▶ [DATA TO PROCESS]:
»»

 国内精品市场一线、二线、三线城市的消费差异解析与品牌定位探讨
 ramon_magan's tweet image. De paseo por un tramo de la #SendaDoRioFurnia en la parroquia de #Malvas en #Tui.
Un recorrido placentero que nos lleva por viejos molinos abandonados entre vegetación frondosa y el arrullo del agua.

««
»»

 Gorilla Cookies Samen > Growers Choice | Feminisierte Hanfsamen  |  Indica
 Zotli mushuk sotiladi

««
»»

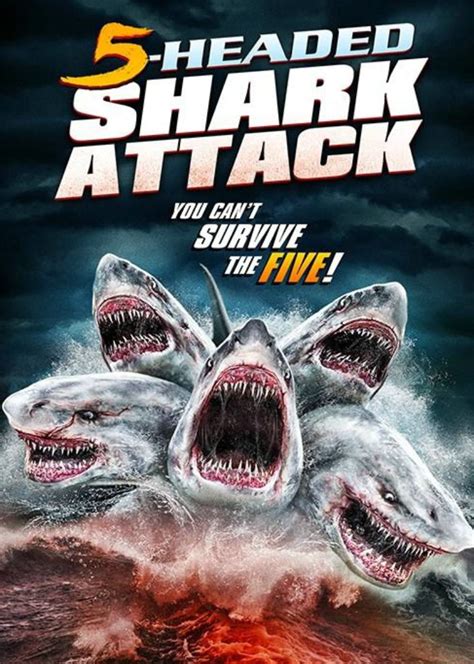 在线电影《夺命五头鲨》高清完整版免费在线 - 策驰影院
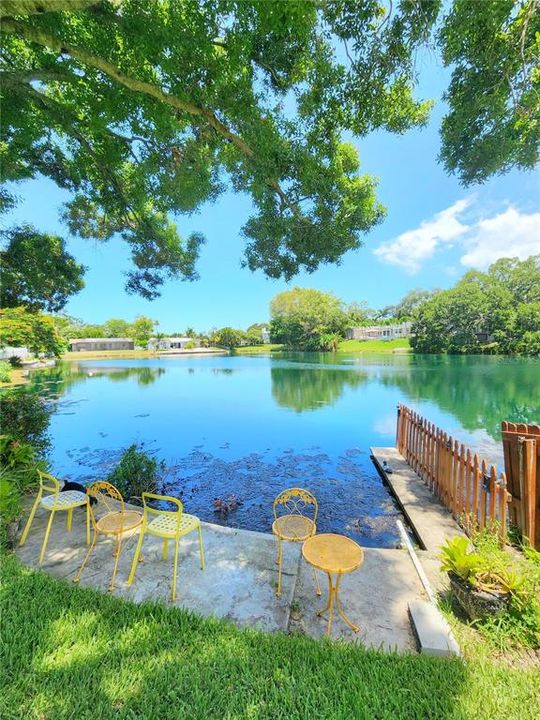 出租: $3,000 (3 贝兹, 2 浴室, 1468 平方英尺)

««

▶ [REQUIRED WORK]:
Reproduce word for word the material above, starting with the line that has "国内精品市场一线、二线、三线城市的消费差异解析与品牌定位探讨" and stopping after the line that has "Un recorrido placentero".

▶ [FINISHED EXERCISE]:
 国内精品市场一线、二线、三线城市的消费差异解析与品牌定位探讨
 ramon_magan's tweet image. De paseo por un tramo de la #SendaDoRioFurnia en la parroquia de #Malvas en #Tui.
Un recorrido placentero que nos lleva por viejos molinos abandonados entre vegetación frondosa y el arrullo del agua.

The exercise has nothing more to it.